--- Exercise details ---
In the data below, find the line that contains "Das Gut Hünersdorff" and the line that contains "Rolník pije kávu". Copy both, plus every line between them, exactly.

--- Source material ---
━━━━━━

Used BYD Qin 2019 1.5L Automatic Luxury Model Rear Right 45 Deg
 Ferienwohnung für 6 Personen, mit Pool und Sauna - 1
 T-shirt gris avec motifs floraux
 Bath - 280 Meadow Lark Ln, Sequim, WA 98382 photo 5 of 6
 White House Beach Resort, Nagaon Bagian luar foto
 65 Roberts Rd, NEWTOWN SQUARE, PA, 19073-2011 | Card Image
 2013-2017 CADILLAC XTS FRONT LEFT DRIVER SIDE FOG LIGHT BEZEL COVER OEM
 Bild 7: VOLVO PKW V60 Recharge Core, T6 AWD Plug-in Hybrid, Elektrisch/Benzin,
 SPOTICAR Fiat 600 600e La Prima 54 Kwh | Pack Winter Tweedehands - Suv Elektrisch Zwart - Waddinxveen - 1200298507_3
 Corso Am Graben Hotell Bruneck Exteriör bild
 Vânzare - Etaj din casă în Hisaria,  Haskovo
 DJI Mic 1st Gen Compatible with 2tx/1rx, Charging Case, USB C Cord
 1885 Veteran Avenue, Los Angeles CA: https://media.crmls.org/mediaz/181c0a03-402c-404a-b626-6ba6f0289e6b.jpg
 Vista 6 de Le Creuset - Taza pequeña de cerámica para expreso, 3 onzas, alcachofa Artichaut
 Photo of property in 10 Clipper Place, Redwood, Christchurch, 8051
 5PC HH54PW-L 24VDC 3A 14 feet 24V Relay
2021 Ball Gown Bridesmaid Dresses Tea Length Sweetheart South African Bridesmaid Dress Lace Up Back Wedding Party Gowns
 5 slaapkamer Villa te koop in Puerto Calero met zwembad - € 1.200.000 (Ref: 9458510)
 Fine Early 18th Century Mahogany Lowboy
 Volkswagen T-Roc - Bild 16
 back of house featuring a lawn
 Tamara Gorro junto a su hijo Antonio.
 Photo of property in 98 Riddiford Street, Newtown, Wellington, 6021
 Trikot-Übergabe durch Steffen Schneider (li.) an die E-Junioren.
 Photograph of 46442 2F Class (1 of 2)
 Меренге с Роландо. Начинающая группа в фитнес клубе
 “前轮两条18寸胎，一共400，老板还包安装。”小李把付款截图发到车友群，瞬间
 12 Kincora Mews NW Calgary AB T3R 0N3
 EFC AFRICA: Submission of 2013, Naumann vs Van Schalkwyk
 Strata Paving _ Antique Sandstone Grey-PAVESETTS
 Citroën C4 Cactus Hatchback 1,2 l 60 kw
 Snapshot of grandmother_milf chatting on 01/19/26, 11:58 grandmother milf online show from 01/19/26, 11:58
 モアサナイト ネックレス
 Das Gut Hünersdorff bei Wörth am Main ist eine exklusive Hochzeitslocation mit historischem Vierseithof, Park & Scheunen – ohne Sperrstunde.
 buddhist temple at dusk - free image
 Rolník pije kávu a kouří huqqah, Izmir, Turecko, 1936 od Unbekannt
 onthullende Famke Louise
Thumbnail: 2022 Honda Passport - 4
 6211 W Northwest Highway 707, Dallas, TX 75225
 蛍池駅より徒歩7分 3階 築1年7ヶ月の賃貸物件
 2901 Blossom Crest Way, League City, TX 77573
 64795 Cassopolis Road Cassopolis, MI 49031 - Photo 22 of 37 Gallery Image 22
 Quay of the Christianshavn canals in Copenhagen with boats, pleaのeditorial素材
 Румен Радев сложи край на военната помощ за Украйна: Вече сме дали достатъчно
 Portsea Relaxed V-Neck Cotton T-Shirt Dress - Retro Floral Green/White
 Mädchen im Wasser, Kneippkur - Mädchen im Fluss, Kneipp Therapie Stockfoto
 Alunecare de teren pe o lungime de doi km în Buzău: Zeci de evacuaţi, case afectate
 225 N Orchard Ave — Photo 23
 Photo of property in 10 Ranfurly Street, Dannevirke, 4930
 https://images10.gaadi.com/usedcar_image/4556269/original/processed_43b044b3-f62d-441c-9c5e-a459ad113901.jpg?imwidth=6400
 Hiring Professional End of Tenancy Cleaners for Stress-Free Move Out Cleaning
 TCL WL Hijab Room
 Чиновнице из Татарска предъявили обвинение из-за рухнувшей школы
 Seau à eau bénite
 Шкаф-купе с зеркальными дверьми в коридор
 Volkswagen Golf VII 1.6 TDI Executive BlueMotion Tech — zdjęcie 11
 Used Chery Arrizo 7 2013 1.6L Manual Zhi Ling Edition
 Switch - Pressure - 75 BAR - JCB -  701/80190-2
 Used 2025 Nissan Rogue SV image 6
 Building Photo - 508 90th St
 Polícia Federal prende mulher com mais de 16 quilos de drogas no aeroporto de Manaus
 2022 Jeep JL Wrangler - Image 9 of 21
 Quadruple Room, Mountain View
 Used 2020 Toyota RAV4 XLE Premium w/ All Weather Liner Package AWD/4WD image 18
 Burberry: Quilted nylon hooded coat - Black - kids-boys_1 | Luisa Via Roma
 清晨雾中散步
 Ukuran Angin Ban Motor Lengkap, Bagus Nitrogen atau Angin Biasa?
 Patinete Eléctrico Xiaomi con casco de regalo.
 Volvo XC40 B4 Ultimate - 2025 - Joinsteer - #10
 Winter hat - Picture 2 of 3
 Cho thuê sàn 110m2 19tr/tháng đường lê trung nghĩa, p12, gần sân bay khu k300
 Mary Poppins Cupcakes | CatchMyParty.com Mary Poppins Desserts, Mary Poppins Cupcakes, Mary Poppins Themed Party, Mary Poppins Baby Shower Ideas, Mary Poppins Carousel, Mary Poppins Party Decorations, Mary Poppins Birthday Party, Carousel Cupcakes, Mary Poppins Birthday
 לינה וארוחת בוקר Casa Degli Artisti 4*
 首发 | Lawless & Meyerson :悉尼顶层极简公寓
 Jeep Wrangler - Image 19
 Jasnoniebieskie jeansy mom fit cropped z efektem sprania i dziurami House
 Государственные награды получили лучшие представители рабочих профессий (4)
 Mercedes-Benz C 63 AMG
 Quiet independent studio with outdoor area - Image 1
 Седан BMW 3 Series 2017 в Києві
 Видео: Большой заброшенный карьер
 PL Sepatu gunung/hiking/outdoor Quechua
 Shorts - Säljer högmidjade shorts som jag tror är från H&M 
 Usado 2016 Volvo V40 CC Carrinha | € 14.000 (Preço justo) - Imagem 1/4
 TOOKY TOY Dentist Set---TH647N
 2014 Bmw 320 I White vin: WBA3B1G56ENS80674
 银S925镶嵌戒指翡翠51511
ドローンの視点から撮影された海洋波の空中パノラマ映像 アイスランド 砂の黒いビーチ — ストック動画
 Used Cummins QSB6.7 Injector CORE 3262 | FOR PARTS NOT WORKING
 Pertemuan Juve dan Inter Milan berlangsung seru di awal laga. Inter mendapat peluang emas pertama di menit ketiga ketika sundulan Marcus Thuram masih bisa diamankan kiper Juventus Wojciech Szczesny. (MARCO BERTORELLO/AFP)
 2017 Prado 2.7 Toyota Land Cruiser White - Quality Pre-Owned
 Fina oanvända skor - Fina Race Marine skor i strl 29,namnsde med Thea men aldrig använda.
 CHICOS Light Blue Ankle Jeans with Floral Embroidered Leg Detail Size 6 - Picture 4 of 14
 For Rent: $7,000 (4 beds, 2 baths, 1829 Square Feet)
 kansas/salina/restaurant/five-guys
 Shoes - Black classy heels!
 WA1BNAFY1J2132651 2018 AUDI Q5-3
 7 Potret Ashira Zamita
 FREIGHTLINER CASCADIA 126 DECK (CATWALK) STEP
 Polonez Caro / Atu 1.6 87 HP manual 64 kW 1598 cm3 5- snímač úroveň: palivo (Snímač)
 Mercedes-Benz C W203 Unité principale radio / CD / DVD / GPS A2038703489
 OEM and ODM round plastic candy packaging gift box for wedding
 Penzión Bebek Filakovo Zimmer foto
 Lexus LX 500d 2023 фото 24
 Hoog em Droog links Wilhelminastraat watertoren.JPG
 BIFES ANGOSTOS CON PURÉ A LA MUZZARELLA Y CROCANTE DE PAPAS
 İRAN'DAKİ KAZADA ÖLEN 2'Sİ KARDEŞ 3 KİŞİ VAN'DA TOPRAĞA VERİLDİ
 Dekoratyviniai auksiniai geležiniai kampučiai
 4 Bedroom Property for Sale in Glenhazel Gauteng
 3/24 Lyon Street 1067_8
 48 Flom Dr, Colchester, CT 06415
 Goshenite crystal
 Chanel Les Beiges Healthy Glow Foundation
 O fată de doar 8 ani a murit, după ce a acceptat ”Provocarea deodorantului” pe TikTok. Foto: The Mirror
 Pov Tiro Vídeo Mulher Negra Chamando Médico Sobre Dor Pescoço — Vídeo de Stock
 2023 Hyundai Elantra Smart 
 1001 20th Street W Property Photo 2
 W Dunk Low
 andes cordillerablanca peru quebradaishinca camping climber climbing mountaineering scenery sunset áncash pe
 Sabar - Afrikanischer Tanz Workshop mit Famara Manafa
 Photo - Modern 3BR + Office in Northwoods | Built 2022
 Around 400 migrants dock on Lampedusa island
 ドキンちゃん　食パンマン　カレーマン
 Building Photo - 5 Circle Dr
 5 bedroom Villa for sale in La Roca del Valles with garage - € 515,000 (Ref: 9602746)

━━━━━━

--- Answer to this task ---
 Das Gut Hünersdorff bei Wörth am Main ist eine exklusive Hochzeitslocation mit historischem Vierseithof, Park & Scheunen – ohne Sperrstunde.
 buddhist temple at dusk - free image
 Rolník pije kávu a kouří huqqah, Izmir, Turecko, 1936 od Unbekannt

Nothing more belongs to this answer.